Prompt: Word for word, write out all the entries below, omitting every picture.

Captioned web image data
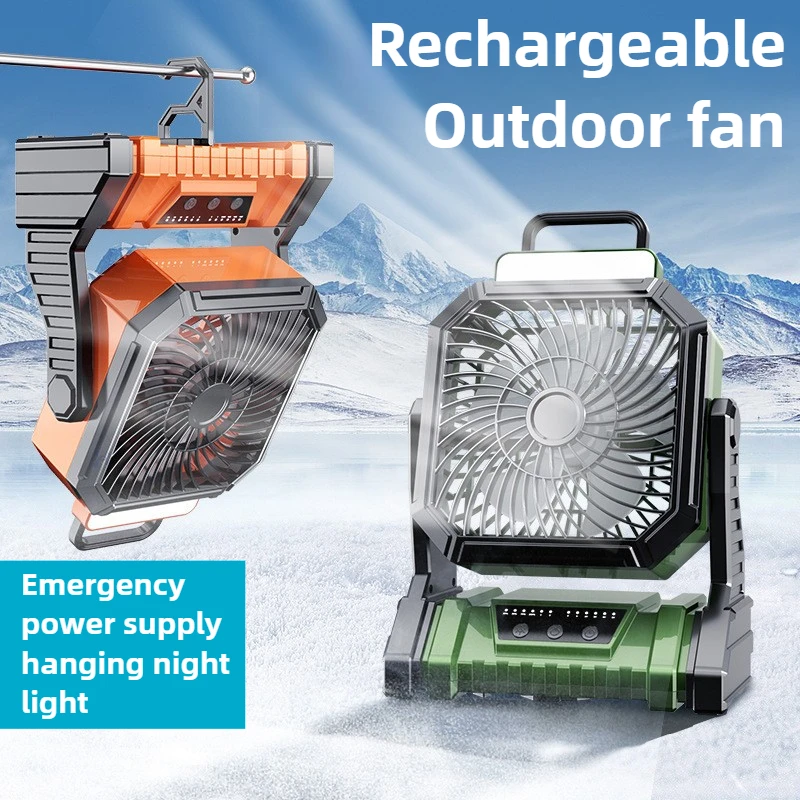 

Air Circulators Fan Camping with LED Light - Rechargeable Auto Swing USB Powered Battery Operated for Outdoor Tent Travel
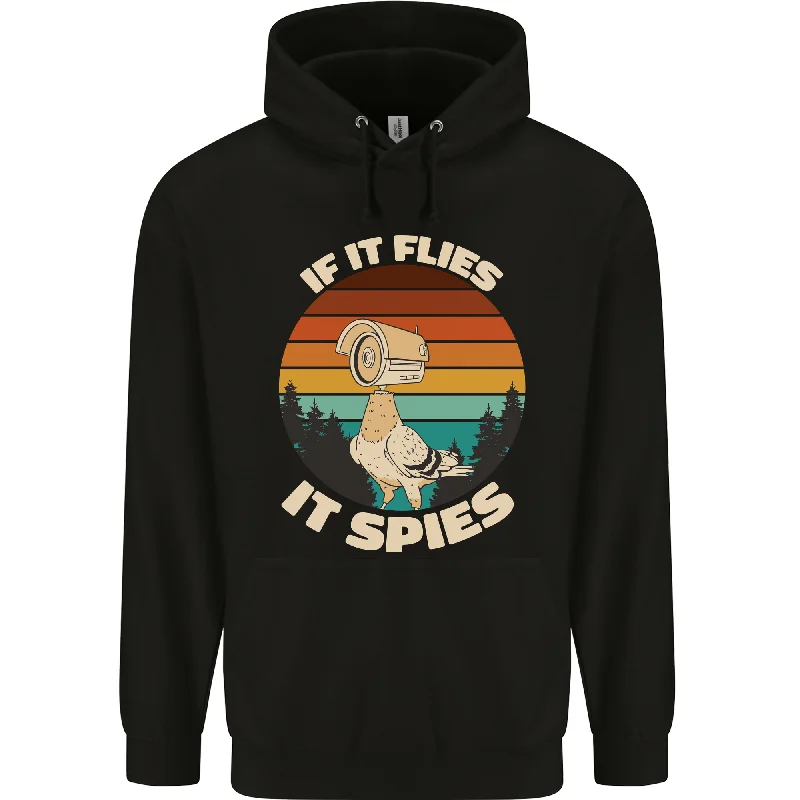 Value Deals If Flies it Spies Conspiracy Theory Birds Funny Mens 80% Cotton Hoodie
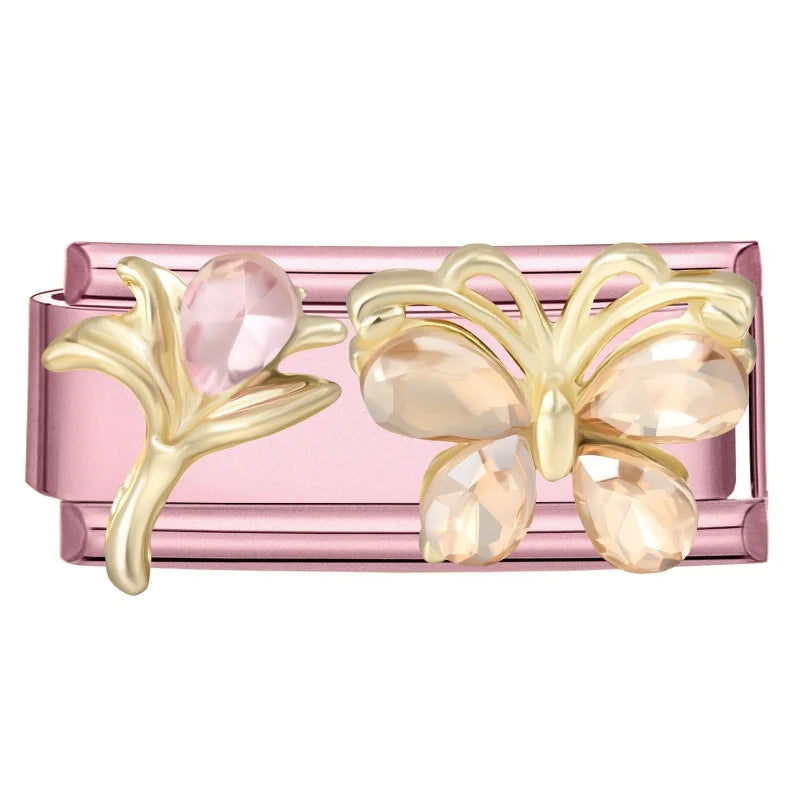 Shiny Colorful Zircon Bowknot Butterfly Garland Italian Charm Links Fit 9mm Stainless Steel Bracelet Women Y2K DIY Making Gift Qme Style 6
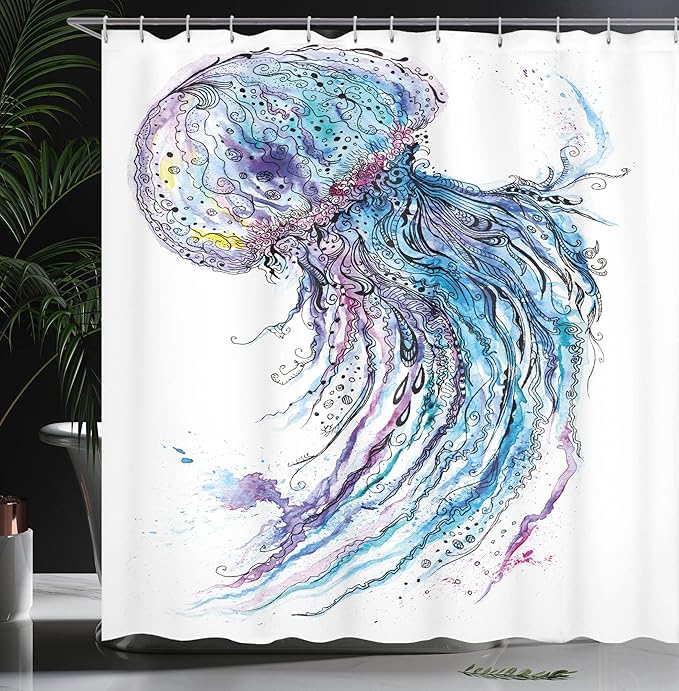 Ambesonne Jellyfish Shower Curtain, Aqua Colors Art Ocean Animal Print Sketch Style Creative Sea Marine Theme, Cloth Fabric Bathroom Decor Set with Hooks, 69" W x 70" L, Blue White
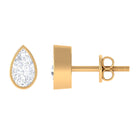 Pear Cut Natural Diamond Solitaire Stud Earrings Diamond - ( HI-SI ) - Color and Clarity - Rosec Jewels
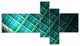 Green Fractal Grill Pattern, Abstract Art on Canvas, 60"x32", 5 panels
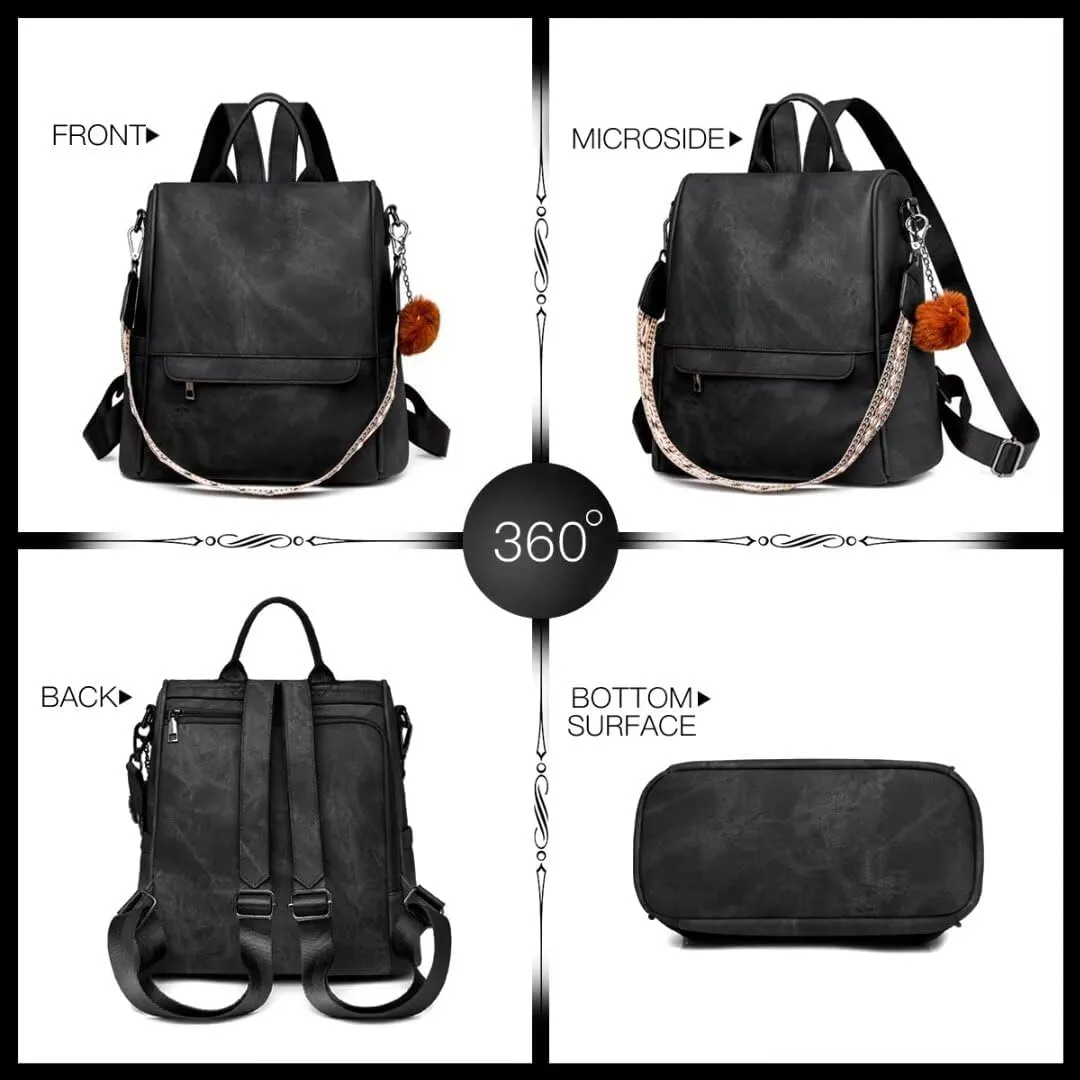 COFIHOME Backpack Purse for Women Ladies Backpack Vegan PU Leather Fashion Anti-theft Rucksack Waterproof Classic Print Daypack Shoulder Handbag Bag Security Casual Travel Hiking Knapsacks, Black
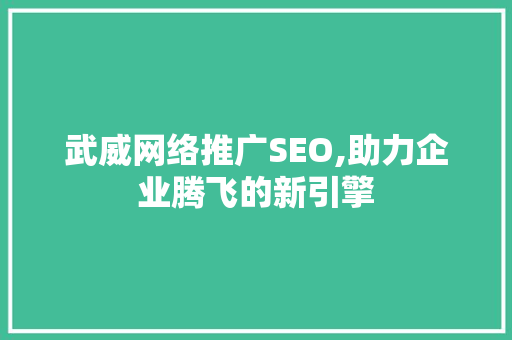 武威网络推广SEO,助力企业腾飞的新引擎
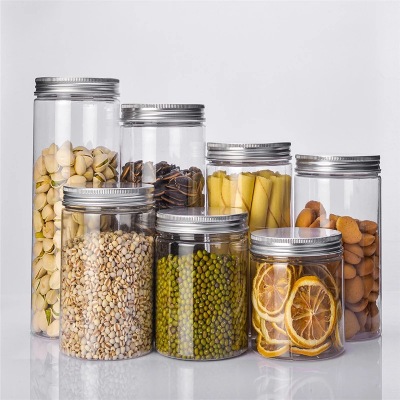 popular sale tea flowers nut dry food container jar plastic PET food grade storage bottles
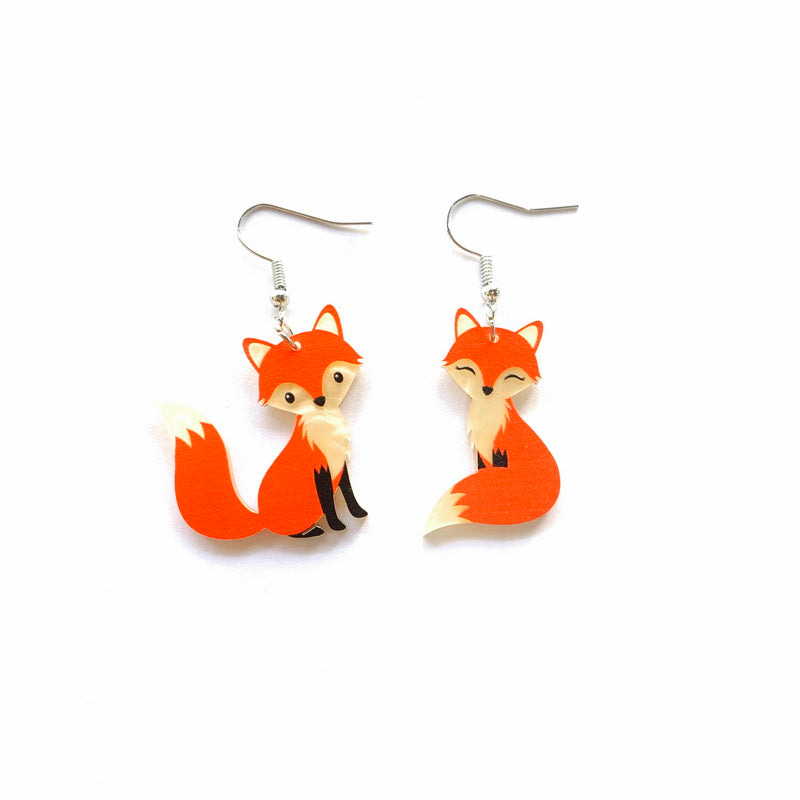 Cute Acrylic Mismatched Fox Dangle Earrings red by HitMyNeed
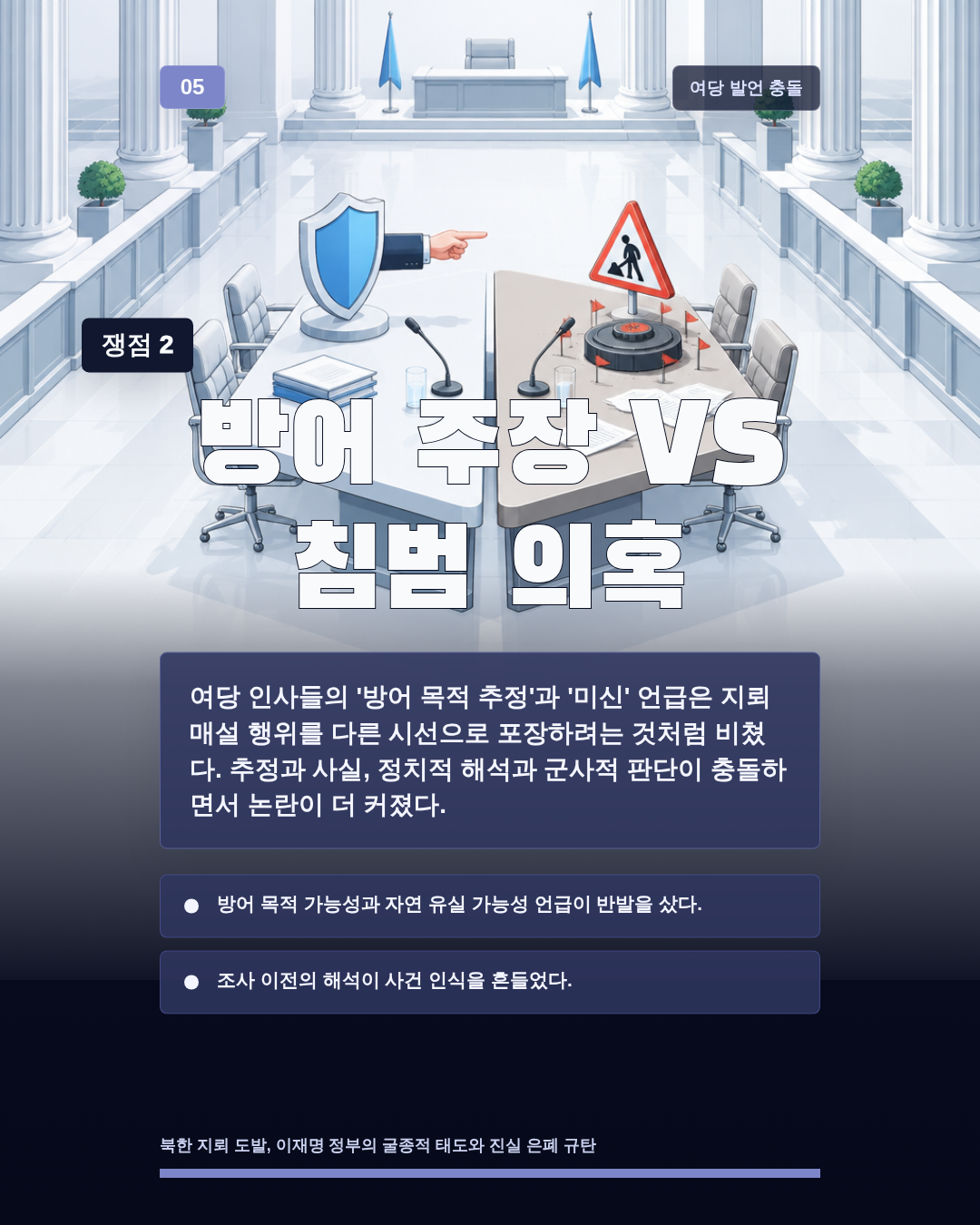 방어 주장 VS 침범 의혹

Completed task:
Air Circulators Fan Camping with LED Light - Rechargeable Auto Swing USB Powered Battery Operated for Outdoor Tent Travel
 Value Deals If Flies it Spies Conspiracy Theory Birds Funny Mens 80% Cotton Hoodie
 Shiny Colorful Zircon Bowknot Butterfly Garland Italian Charm Links Fit 9mm Stainless Steel Bracelet Women Y2K DIY Making Gift Qme Style 6
 Ambesonne Jellyfish Shower Curtain, Aqua Colors Art Ocean Animal Print Sketch Style Creative Sea Marine Theme, Cloth Fabric Bathroom Decor Set with Hooks, 69" W x 70" L, Blue White
 Pear Cut Natural Diamond Solitaire Stud Earrings Diamond - ( HI-SI ) - Color and Clarity - Rosec Jewels
 Green Fractal Grill Pattern, Abstract Art on Canvas, 60"x32", 5 panels
 COFIHOME Backpack Purse for Women Ladies Backpack Vegan PU Leather Fashion Anti-theft Rucksack Waterproof Classic Print Daypack Shoulder Handbag Bag Security Casual Travel Hiking Knapsacks, Black
 武威网络推广SEO,助力企业腾飞的新引擎
 popular sale tea flowers nut dry food container jar plastic PET food grade storage bottles
 Cute Acrylic Mismatched Fox Dangle Earrings red by HitMyNeed
 방어 주장 VS 침범 의혹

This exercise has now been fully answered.